# Great Lakes BBQ Association



## seasonedlazyman (Mar 28, 2014)

Any body a member of the GLBBQA?

I'm curious if it's worth it to join.  I want to do contests so this may be the best local way to do it.  Any information is appreciated.


----------



## handymanstan (Mar 28, 2014)

I am a member but it is for comp teams mostly.  If you are going to compete in Michigan then join. Lots of good guys there.

Stan


----------



## maple sticks (Apr 3, 2014)

I joined and tried to talk wood fired smokers when I was building mine. Had one response he wanted me to build a different smoker. I posted three more times trying to get a conversation going, nothing. I don't go there anymore.


----------



## maple sticks (Apr 18, 2014)

HANDYMANSTAN said:


> I am a member but it is for comp teams mostly.  If you are going to compete in Michigan then join. Lots of good guys there.
> 
> Stan


Hi Stan, Do you do comps.


----------



## handymanstan (Apr 18, 2014)

Hey Maple Sticks, I do not compete and I have never been to a competition.

I want to go to the competition in Newaygo this year on Aug 8.  I missed it last year because of the Michigan get together.  This year the get together will be July 19[sup]th[/sup]   so I should be able to go to both. 

The GLBBQA is not a backyard smoker kind of site but a competition orientated site.

I hope you can make it to the get together this year and I get to meet you.

Stan


----------



## maple sticks (Apr 18, 2014)

Thanks for the reply Stan, July is a bad time of the year for me, or I should say good time I guess. My blueberries start some time in July and run for six to eight weeks. Last year was my first year harvesting. Sell them at the local farmers market. Have just enough plants to keep me busy 350. Will get in touch if I can make it to any of the comps as I do like to look at the different smokers and meet people. If it works out see you this summer.


----------



## handymanstan (Apr 19, 2014)

I do love Blueberry's and have 4 plants that struggle to give me any fruit.  To much clay here I believe.  Good luck on your crop this year.

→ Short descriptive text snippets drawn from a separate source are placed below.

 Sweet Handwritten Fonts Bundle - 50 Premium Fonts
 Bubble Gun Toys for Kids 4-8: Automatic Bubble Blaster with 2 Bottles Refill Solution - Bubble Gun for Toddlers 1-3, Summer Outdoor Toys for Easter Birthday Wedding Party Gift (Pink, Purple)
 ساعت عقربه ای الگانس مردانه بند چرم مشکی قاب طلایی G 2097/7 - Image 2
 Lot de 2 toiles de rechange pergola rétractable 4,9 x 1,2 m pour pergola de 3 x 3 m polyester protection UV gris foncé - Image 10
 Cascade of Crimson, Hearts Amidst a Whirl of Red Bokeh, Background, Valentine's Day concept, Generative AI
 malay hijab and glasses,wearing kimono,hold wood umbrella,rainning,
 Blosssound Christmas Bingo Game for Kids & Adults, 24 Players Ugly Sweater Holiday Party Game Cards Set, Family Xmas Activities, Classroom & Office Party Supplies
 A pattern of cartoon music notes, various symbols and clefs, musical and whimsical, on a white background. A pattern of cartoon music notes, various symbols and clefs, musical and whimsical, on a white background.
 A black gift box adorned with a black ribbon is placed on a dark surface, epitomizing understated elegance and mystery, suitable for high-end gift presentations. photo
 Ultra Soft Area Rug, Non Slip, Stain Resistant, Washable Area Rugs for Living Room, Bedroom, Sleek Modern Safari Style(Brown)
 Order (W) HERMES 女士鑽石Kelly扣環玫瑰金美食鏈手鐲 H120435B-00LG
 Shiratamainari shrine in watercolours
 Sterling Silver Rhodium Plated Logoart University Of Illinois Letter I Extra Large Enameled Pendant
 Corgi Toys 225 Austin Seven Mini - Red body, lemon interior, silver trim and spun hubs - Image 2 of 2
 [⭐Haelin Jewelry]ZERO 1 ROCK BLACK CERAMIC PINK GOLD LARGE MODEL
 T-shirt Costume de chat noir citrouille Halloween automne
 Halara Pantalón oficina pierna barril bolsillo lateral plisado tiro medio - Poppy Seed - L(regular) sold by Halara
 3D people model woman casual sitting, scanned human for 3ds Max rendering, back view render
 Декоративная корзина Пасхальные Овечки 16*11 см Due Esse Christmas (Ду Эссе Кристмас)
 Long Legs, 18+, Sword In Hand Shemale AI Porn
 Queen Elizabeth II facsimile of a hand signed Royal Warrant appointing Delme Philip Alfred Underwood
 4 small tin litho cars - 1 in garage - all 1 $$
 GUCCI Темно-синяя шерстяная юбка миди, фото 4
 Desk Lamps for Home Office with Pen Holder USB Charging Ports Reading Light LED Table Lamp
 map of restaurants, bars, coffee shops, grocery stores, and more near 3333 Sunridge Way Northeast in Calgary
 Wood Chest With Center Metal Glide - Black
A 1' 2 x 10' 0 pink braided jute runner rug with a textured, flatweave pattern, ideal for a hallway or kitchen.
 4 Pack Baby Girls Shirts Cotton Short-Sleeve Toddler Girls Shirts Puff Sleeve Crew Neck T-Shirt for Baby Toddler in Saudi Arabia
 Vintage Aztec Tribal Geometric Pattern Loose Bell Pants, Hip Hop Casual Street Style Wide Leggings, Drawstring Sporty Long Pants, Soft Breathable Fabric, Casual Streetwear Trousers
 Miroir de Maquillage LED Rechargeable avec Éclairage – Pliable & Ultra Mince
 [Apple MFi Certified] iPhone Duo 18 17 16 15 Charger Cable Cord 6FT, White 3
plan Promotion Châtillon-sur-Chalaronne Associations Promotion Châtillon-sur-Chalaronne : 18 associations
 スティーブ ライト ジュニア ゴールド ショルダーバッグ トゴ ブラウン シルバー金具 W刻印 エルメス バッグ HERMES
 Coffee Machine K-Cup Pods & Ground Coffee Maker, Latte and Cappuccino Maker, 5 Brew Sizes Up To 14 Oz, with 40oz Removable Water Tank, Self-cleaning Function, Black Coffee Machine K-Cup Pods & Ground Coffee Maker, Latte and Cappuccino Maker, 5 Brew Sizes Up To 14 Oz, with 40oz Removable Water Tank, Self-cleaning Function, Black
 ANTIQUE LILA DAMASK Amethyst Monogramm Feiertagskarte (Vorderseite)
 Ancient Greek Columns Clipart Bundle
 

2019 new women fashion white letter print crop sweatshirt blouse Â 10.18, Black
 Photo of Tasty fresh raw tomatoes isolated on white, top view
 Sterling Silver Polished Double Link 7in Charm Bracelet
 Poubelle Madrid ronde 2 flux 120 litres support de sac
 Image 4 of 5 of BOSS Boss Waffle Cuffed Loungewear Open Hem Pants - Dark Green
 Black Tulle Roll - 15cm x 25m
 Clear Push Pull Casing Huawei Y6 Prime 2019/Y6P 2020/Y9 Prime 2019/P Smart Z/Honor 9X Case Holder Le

Whats your favorite blueberry recipe?  I love cobbler and warm blueberry sauce on ice cream.

Stan


----------



## maple sticks (Apr 19, 2014)

Blueberries like acidity. PH needs to be around 4.5 which is one of the lowest any plant needs. Vinegar added to the water is the easiest way for you to lower PH. I add battery acid to my water because of the size of my field using a micro pump to keep the PH down. Blueberries like damp not wet. Lots of wood chips keep the ground just right. I eat anything with blueberries in it. Eat most of mine while picking.


----------



## handymanstan (Apr 19, 2014)

Maple Sticks said:


> Blueberries like acidity. PH needs to be around 4.5 which is one of the lowest any plant needs. Vinegar added to the water is the easiest way for you to lower PH. I add battery acid to my water because of the size of my field using a micro pump to keep the PH down. Blueberries like damp not wet. Lots of wood chips keep the ground just right. I eat anything with blueberries in it. Eat most of mine while picking.


Thanks for the vinegar tip I will check the ph today.  I did add some rusty nails to the soil when I planted them. I don't know if that helps but was told that blueberrys like rust.


----------



## maple sticks (Apr 19, 2014)

Have not heard about rusty nails. They do like peat.


----------